::: Records to process

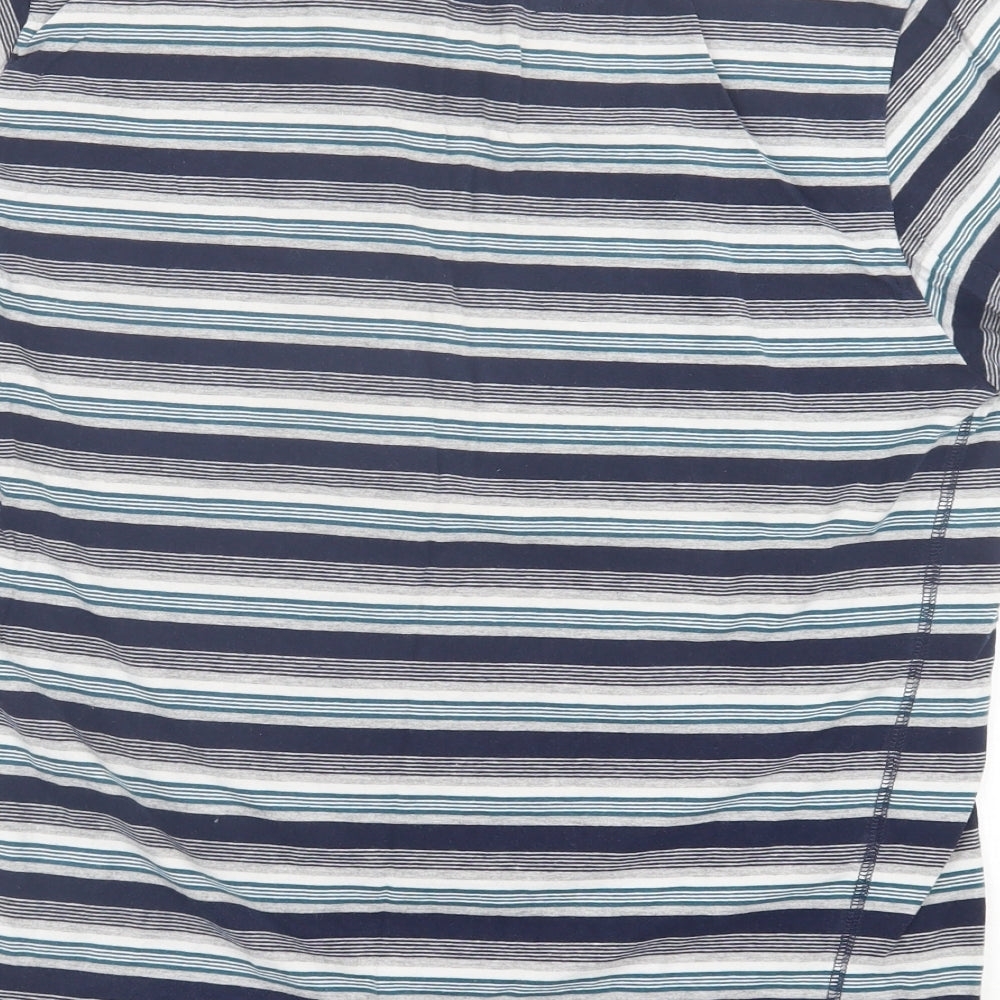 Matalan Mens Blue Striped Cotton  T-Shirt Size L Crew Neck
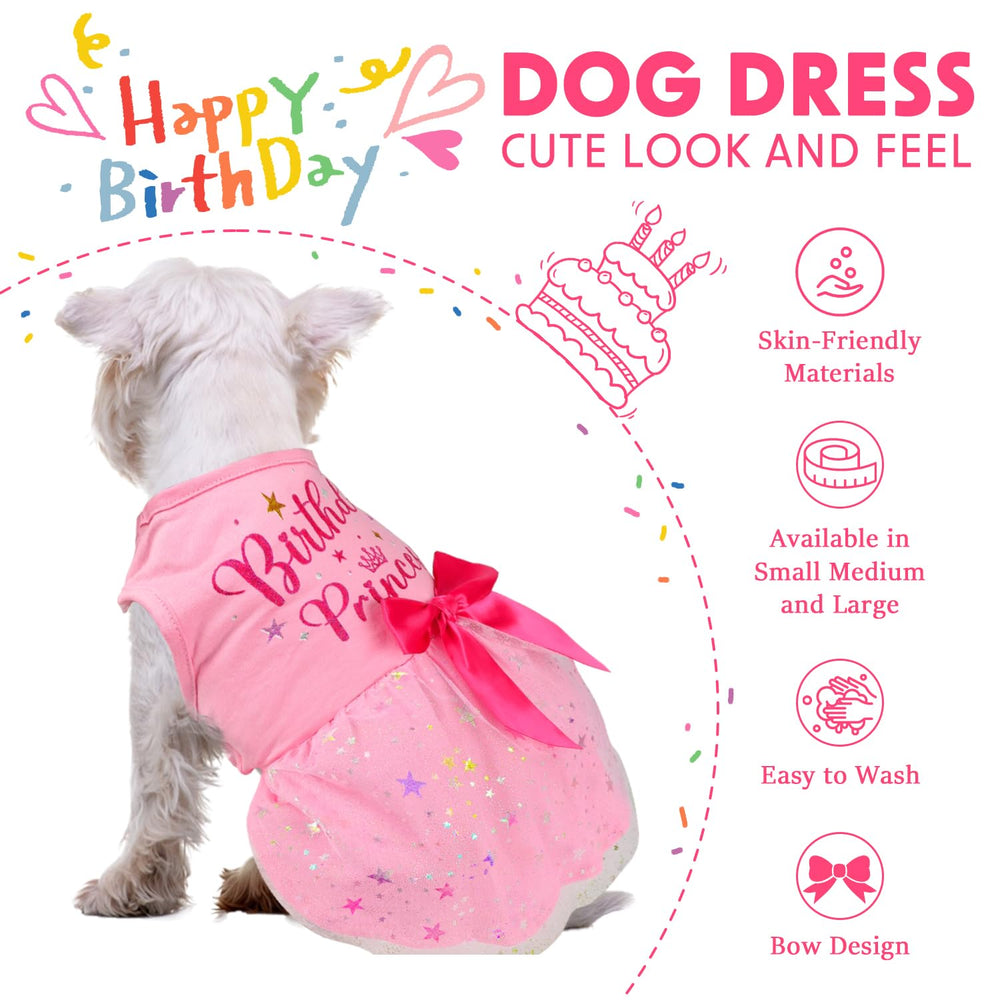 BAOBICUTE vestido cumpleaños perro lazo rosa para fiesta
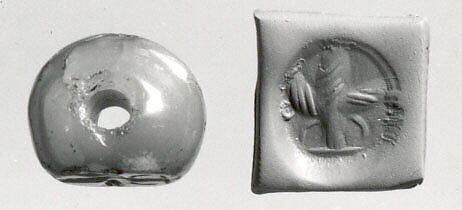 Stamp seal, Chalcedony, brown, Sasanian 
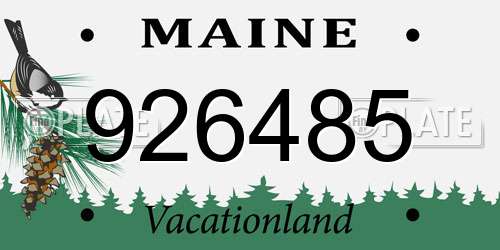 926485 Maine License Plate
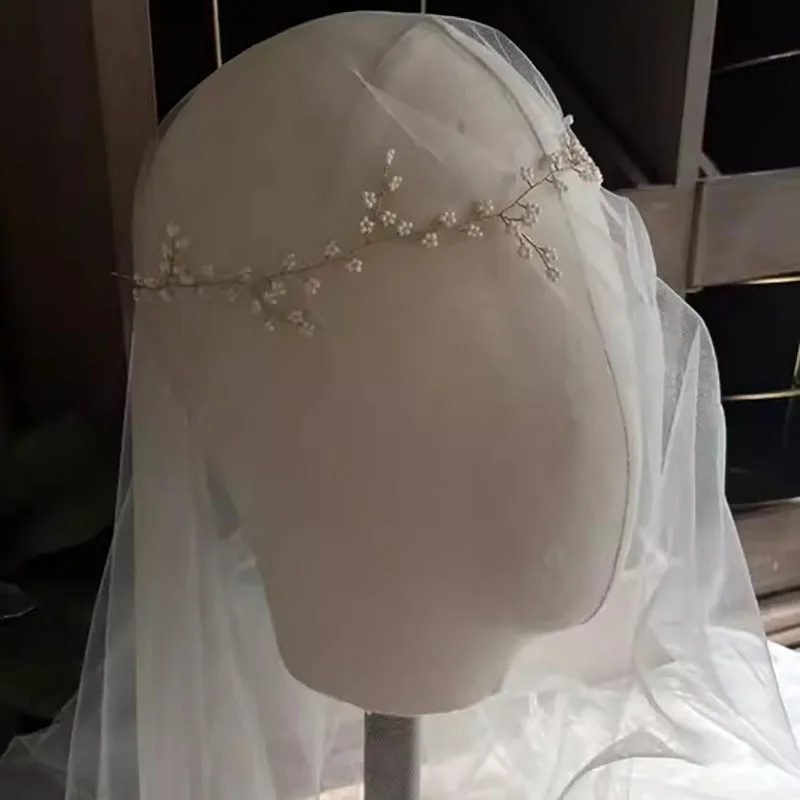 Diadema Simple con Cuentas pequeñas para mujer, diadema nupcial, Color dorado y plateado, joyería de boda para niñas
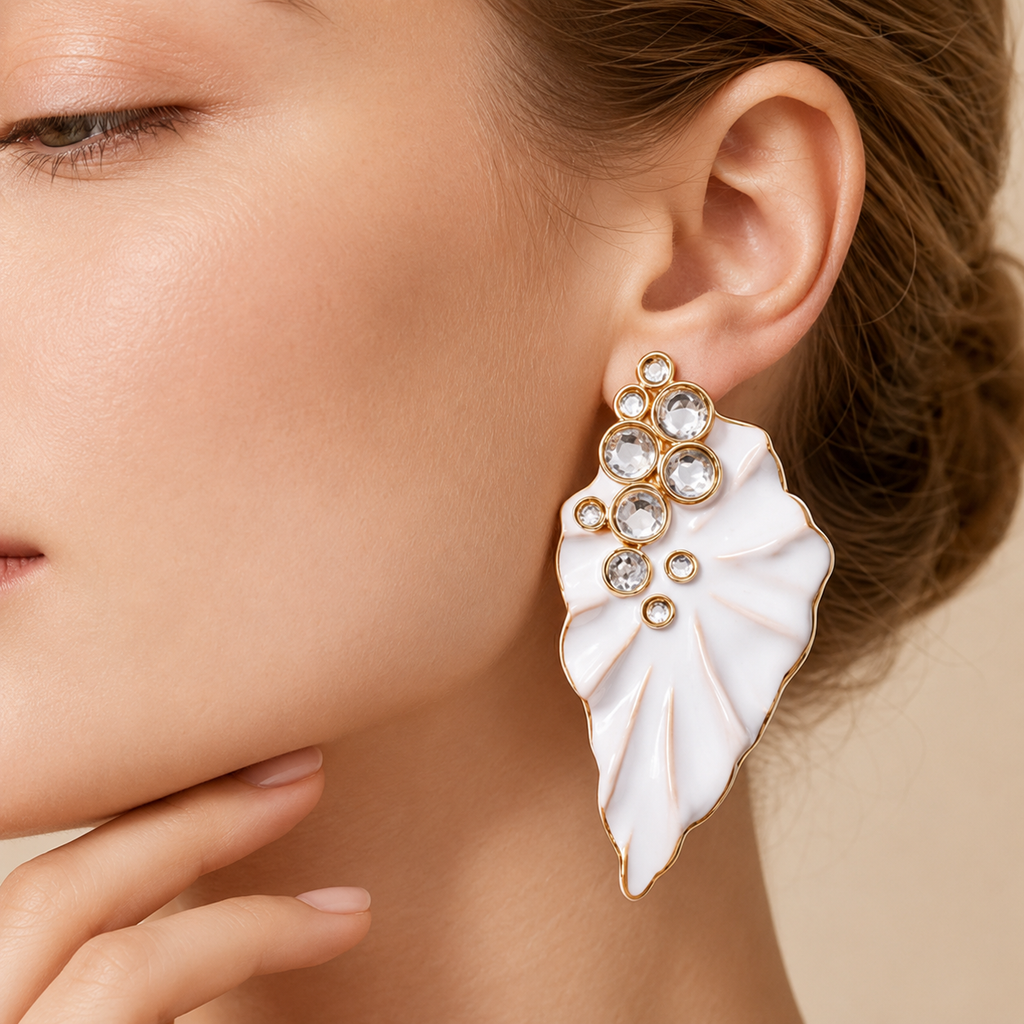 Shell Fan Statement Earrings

::::::

Task requirements:
Take each line from the records and copy it unchanged, leaving images out.

Solution to this exercise:
 Matalan Mens Blue Striped Cotton  T-Shirt Size L Crew Neck
 BAOBICUTE vestido cumpleaños perro lazo rosa para fiesta
 Stamp seal, Chalcedony, brown, Sasanian 
 926485 Maine License Plate
 Diadema Simple con Cuentas pequeñas para mujer, diadema nupcial, Color dorado y plateado, joyería de boda para niñas
 Shell Fan Statement Earrings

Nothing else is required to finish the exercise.